In the listing below, find the line containing "Unveiling Thyroid Health: UK’s" and the line containing "Euchre anytime截图1". Repeat exactly those two lines and every line between them, nothing more.

● **ENTRIES PROVIDED**
* * *

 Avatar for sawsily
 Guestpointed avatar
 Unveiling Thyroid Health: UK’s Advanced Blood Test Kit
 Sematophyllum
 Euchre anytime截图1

* * *

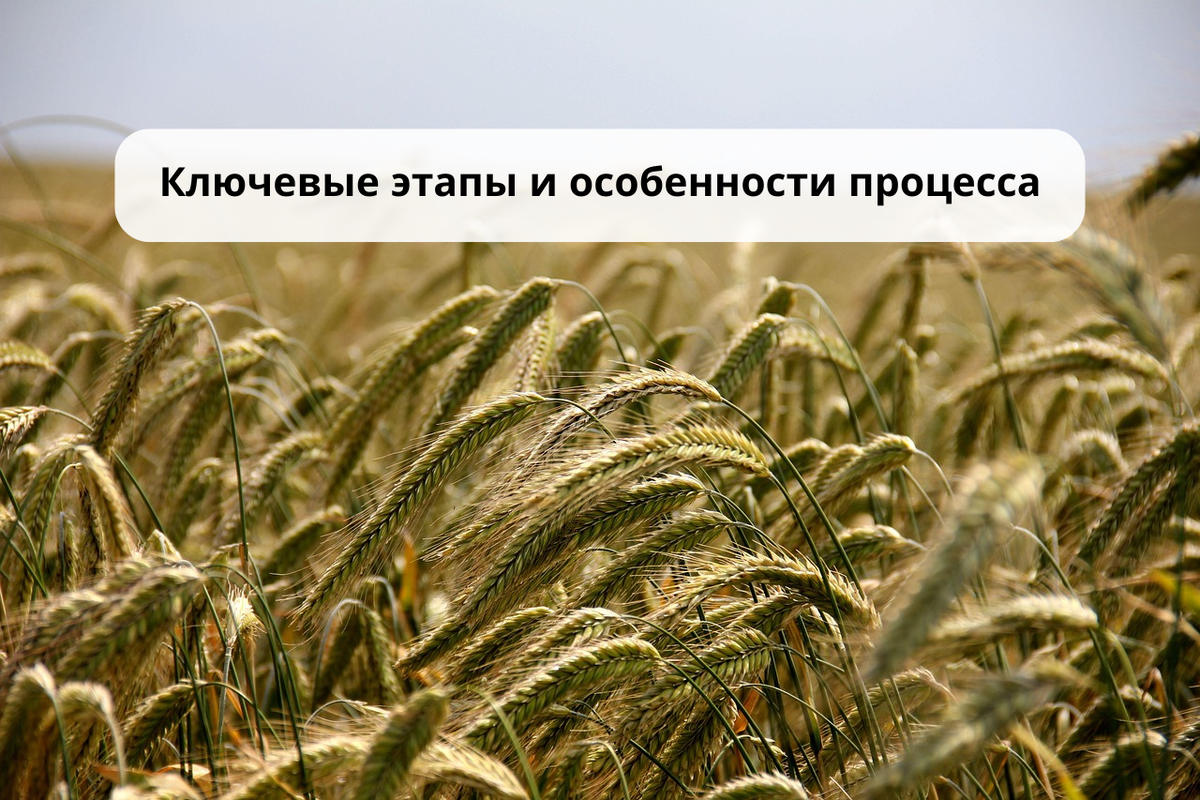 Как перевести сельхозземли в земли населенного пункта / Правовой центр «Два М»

* * *

● **RESPONSE TO THIS EXERCISE**
 Unveiling Thyroid Health: UK’s Advanced Blood Test Kit
 Sematophyllum
 Euchre anytime截图1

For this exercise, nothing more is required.